Year-over-year evaluations are exhibiting weakened job gains and primary indicators are indicating decelerating fiscal growth, both of which are likely to continue to remain in the headlines. Even so, Golub forecasts that investors will come to appreciate the more agreeable setting and pay a higher multiple on the same amount of earnings.

“Equity investors can have a hard time with that because what they tend to think is ‘markets go up when news is good, and go down when it’s bad,’ said Golub. “They don’t tend to think the market can go up when the outlook is maybe not so rosy, but the backdrop is much less risk prone. But maybe that’s great.” Golub sees this type of scenario continuing on for quite some time.

While the existing post-financial economic crisis expansion is among the longest ever in the United States, the standard pace of growth has been significantly slower than what was noted in preceding cycles.

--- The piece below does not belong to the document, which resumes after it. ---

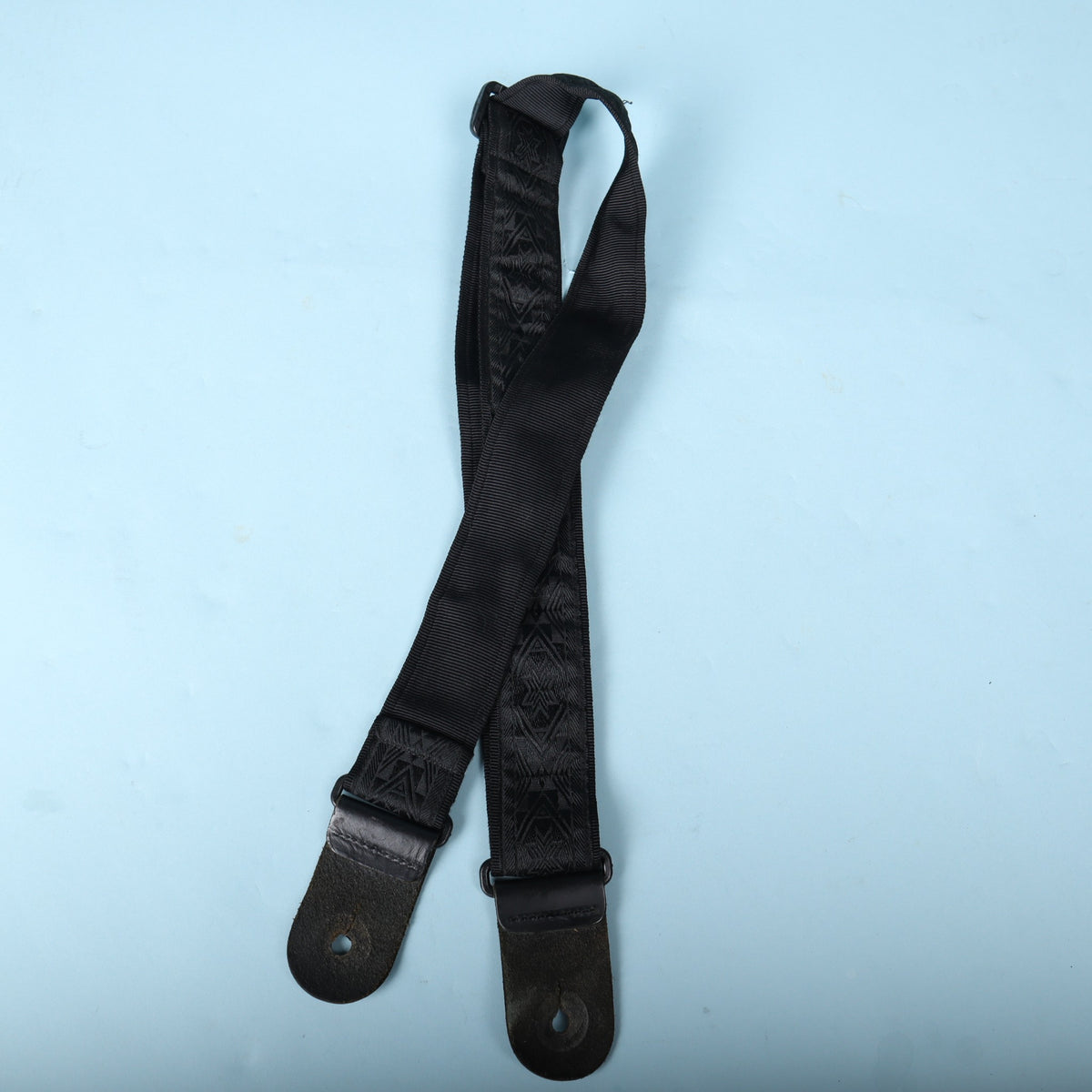 Underside of the Planet Waves woven guitar strap showing black backing webbing and leather tabs.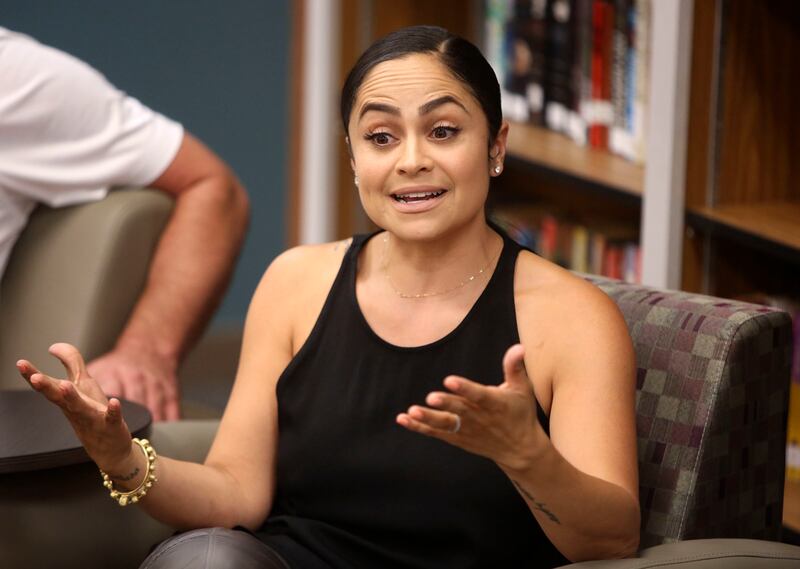 Mia Wright, president of the National Basketball Wives Association Inc. and wife of basketball player Dorell Wright, speaks on a panel about mental illness and athletes at East High School in Salt Lake City on Monday, Aug. 13, 2018.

This acts as a sign of a calmer environment with a smaller level of volatility that should also bring about recessions which are not as deep and are less frequent.

As the United States economic climate continues to develop into more services-based and business capital demands lessen, the market may hold interests rates low irrespective of the forthcoming central bank measures. Lower rates and risk premiums should each be conceptually lessened in such a setting. According to Golub, “If that’s the case, in coming years you could have an upward drift in stock multiples even though the earnings growth may be more contained.”

This, of course, leaves us wondering how long that might last?